Title: The Adventures of Sherlock Holmes
Author: Arthur Conan Doyle
Release Date: November 29, 2002 [eBook #1661]
[Most recently updated: May 20, 2019]
Language: English
Character set encoding: UTF-8
Produced by: an anonymous Project Gutenberg volunteer and Jose Menendez
*** START OF THE PROJECT GUTENBERG EBOOK THE ADVENTURES OF SHERLOCK HOLMES ***
cover
The Adventures of Sherlock Holmes
by Arthur Conan Doyle
Contents
I. A Scandal in Bohemia
II. The Red-Headed League
III. A Case of Identity
IV. The Boscombe Valley Mystery
V. The Five Orange Pips
VI. The Man with the Twisted Lip
VII. The Adventure of the Blue Carbuncle
VIII. The Adventure of the Speckled Band
IX. The Adventure of the Engineer’s Thumb
X. The Adventure of the Noble Bachelor
XI. The Adventure of the Beryl Coronet
XII. The Adventure of the Copper Beeches
I. A SCANDAL IN BOHEMIA
I.
To Sherlock Holmes she is always _the_ woman. I have seldom heard him
mention her under any other name. In his eyes she eclipses and
predominates the whole of her sex. It was not that he felt any emotion
akin to love for Irene Adler. All emotions, and that one particularly,
were abhorrent to his cold, precise but admirably balanced mind. He
was, I take it, the most perfect reasoning and observing machine that
the world has seen, but as a lover he would have placed himself in a
false position. He never spoke of the softer passions, save with a gibe
and a sneer. They were admirable things for the observer—excellent for
drawing the veil from men’s motives and actions. But for the trained
reasoner to admit such intrusions into his own delicate and finely
adjusted temperament was to introduce a distracting factor which might
throw a doubt upon all his mental results. Grit in a sensitive
instrument, or a crack in one of his own high-power lenses, would not
be more disturbing than a strong emotion in a nature such as his. And
yet there was but one woman to him, and that woman was the late Irene
Adler, of dubious and questionable memory.

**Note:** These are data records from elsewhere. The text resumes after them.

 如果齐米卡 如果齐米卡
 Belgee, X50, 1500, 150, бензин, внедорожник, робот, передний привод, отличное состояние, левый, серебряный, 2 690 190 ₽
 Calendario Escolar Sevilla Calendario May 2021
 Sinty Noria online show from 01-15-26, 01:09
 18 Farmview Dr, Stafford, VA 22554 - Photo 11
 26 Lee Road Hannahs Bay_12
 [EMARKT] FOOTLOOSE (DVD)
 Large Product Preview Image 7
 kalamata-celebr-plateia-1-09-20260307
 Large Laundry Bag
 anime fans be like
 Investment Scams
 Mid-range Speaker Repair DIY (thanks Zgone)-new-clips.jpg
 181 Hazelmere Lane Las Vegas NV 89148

I had seen little of Holmes lately. My marriage had drifted us away
from each other. My own complete happiness, and the home-centred
interests which rise up around the man who first finds himself master
of his own establishment, were sufficient to absorb all my attention,
while Holmes, who loathed every form of society with his whole Bohemian
soul, remained in our lodgings in Baker Street, buried among his old
books, and alternating from week to week between cocaine and ambition,
the drowsiness of the drug, and the fierce energy of his own keen
nature. He was still, as ever, deeply attracted by the study of crime,
and occupied his immense faculties and extraordinary powers of
observation in following out those clues, and clearing up those
mysteries which had been abandoned as hopeless by the official police.
From time to time I heard some vague account of his doings: of his
summons to Odessa in the case of the Trepoff murder, of his clearing up
of the singular tragedy of the Atkinson brothers at Trincomalee, and
finally of the mission which he had accomplished so delicately and
successfully for the reigning family of Holland. Beyond these signs of
his activity, however, which I merely shared with all the readers of
the daily press, I knew little of my former friend and companion.

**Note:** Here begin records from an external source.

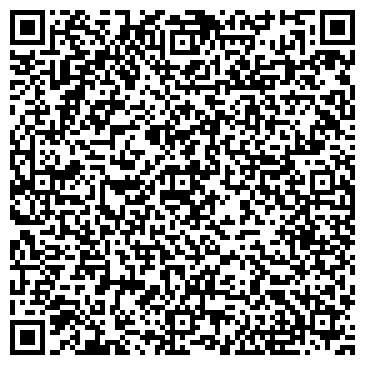 QR-код с контактной информацией организации ООО Южная транспортная компания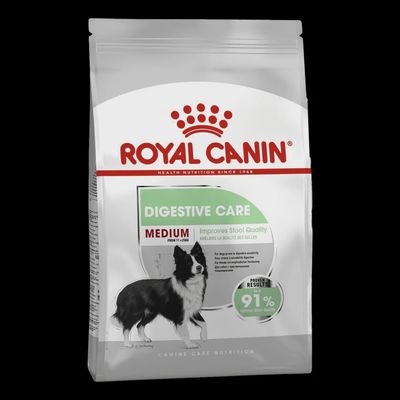 Royal Canin Canine Digestive Care Medium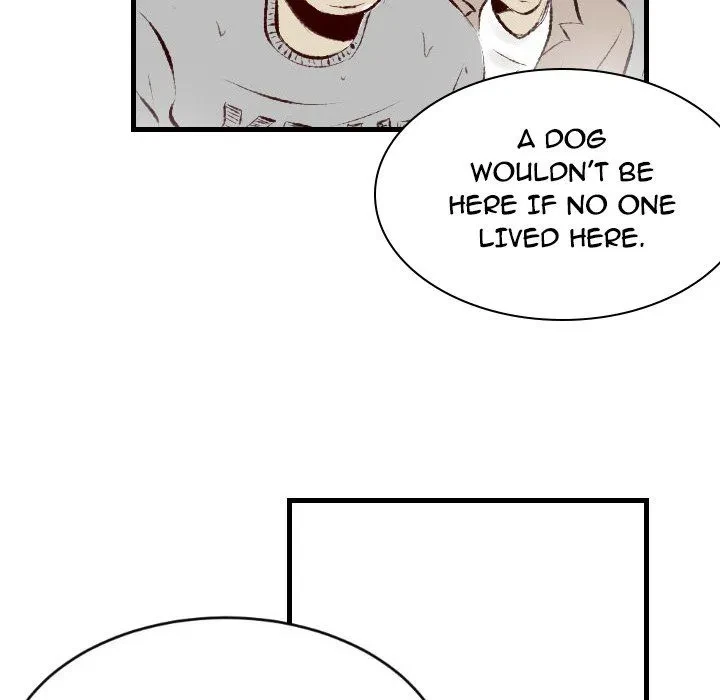 Chapter 33, page 76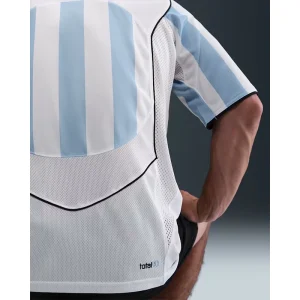 Areena Design <p>Nike Total 90 Mens Dri-FIT Soccer Jersey delivers retro Total 90 football style, a lightweight feel, and breathable everyday comfort.</p> Nike Total 90 Mens Dri-FIT Soccer Jersey <p>Nike Total 90 Mens Dri-FIT Soccer Jersey delivers retro Total 90 football style, a lightweight feel, and breathable everyday comfort.</p>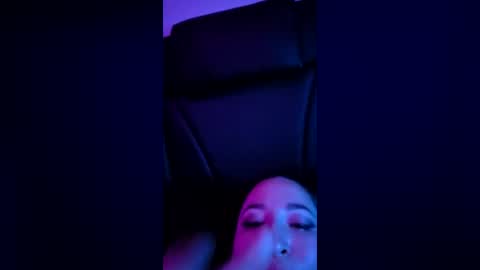 phoenixpowers online show from August 15, 6:06 am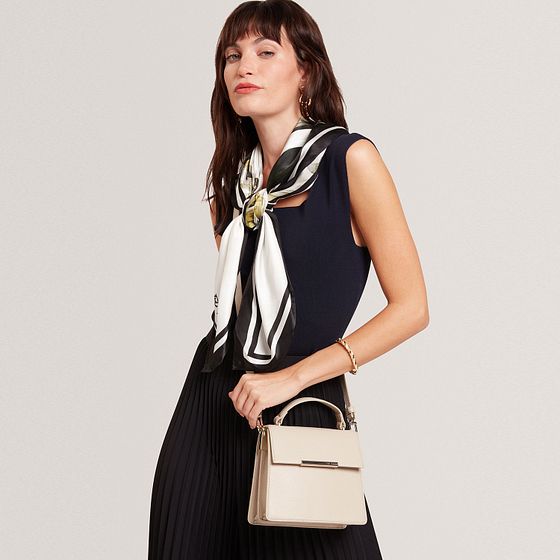 Ted Baker Roselii Håndtaske 19 cm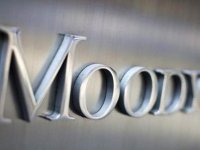 Moody’s Türkiye beklentilerini açıkladı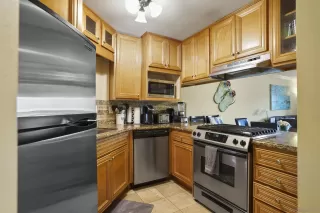 Photo #2: 220029450 Listing 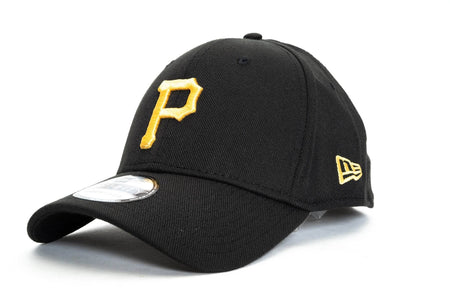 new era 3930 pittsburgh pirates new era cap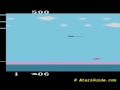 Sea Hawk (Atari 2600)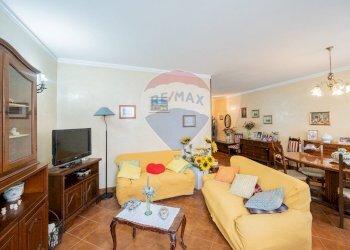 Sala da pranzo - Villa a Schiera Via Edison
 
16, Porto Mantovano - foto 12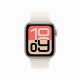 Apple Watch SE (3nd generation) #2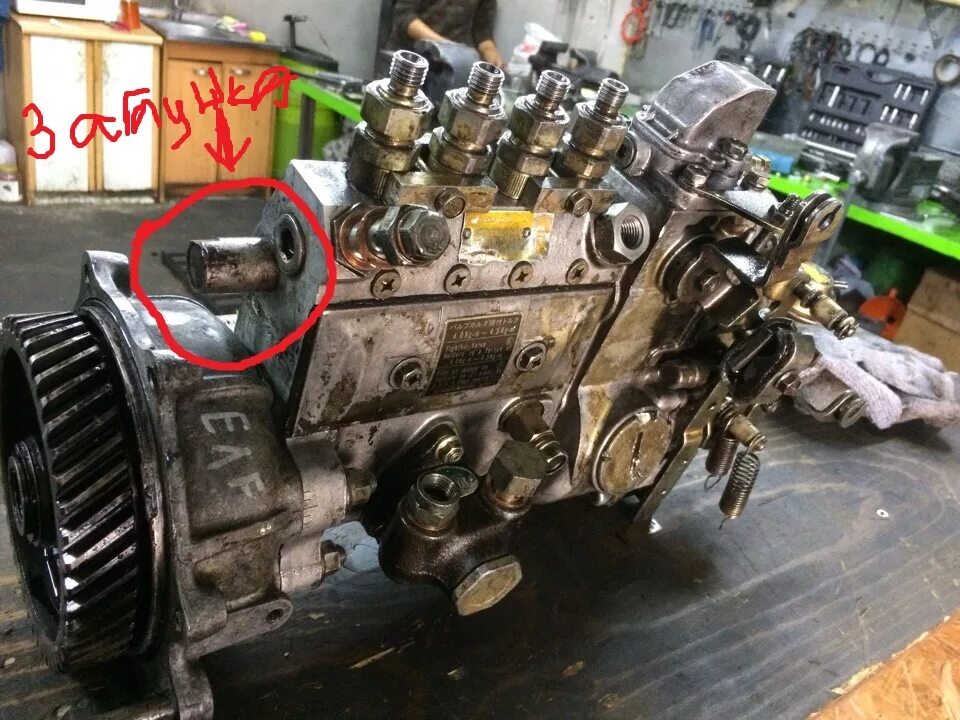 Ремонт кантер. Тнвд мицубиси кантер. тнвд 4d33 mitsubishi canter. canter 1995 тнвд. тнвд мицубиси кантер 4м51.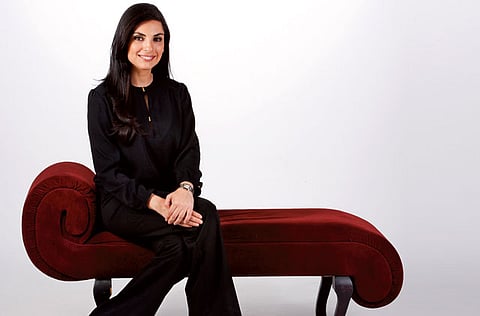 Dennis B. Mallari/GNM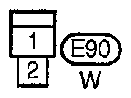 G10824212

One night—it was on the twentieth of March, 1888—I was returning from a
journey to a patient (for I had now returned to civil practice), when
my way led me through Baker Street. As I passed the well-remembered
door, which must always be associated in my mind with my wooing, and
with the dark incidents of the Study in Scarlet, I was seized with a
keen desire to see Holmes again, and to know how he was employing his
extraordinary powers. His rooms were brilliantly lit, and, even as I
looked up, I saw his tall, spare figure pass twice in a dark silhouette
against the blind. He was pacing the room swiftly, eagerly, with his
head sunk upon his chest and his hands clasped behind him. To me, who
knew his every mood and habit, his attitude and manner told their own
story. He was at work again. He had risen out of his drug-created
dreams and was hot upon the scent of some new problem. I rang the bell
and was shown up to the chamber which had formerly been in part my own.

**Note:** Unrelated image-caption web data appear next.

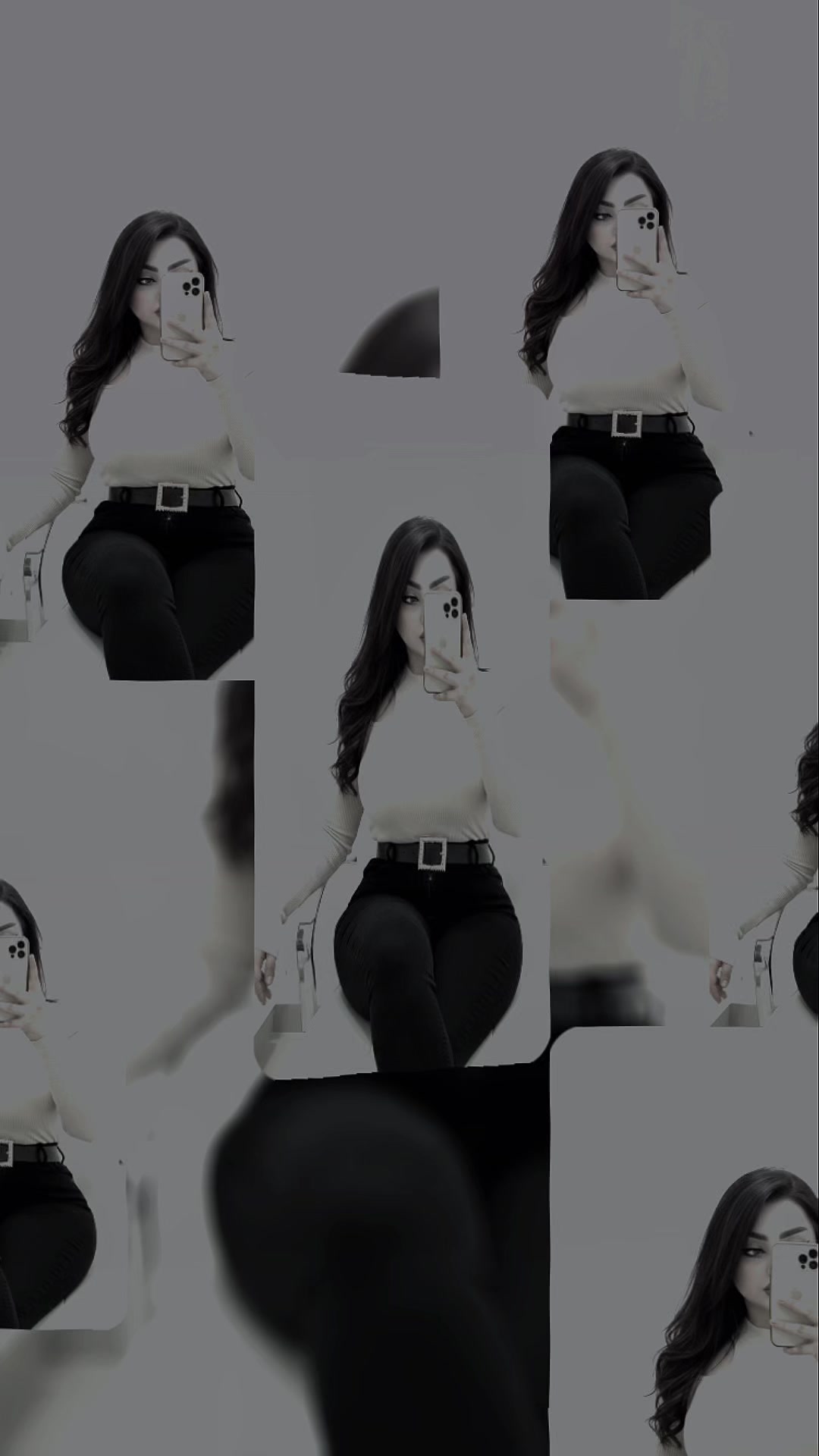 @✨ 𝒜𝒮𝒪 ✨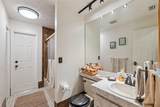 1212 Redding Street - Photo 33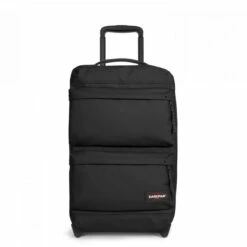 Eastpak Double Tranverz S Wheeled Duffle Cabin Size - 51cm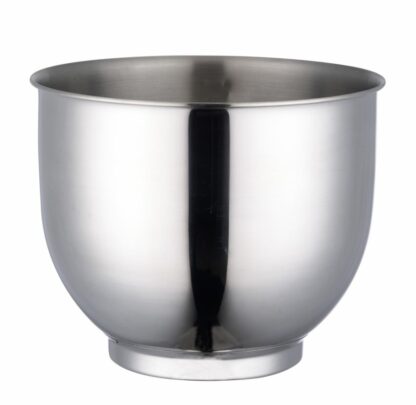 Stainless steel bowl accessory FRAM ACC-BOWLK1500M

His manner was not effusive. It seldom was; but he was glad, I think,
to see me. With hardly a word spoken, but with a kindly eye, he waved
me to an armchair, threw across his case of cigars, and indicated a
spirit case and a gasogene in the corner. Then he stood before the fire
and looked me over in his singular introspective fashion.
“Wedlock suits you,” he remarked. “I think, Watson, that you have put
on seven and a half pounds since I saw you.”
“Seven!” I answered.
“Indeed, I should have thought a little more. Just a trifle more, I
fancy, Watson. And in practice again, I observe. You did not tell me
that you intended to go into harness.”
“Then, how do you know?”
“I see it, I deduce it. How do I know that you have been getting
yourself very wet lately, and that you have a most clumsy and careless
servant girl?”
“My dear Holmes,” said I, “this is too much. You would certainly have
been burned, had you lived a few centuries ago. It is true that I had a
country walk on Thursday and came home in a dreadful mess, but as I
have changed my clothes I can’t imagine how you deduce it. As to Mary
Jane, she is incorrigible, and my wife has given her notice, but there,
again, I fail to see how you work it out.”
He chuckled to himself and rubbed his long, nervous hands together.
“It is simplicity itself,” said he; “my eyes tell me that on the inside
of your left shoe, just where the firelight strikes it, the leather is
scored by six almost parallel cuts. Obviously they have been caused by
someone who has very carelessly scraped round the edges of the sole in
order to remove crusted mud from it. Hence, you see, my double
deduction that you had been out in vile weather, and that you had a
particularly malignant boot-slitting specimen of the London slavey. As
to your practice, if a gentleman walks into my rooms smelling of
iodoform, with a black mark of nitrate of silver upon his right
forefinger, and a bulge on the right side of his top-hat to show where
he has secreted his stethoscope, I must be dull, indeed, if I do not
pronounce him to be an active member of the medical profession.”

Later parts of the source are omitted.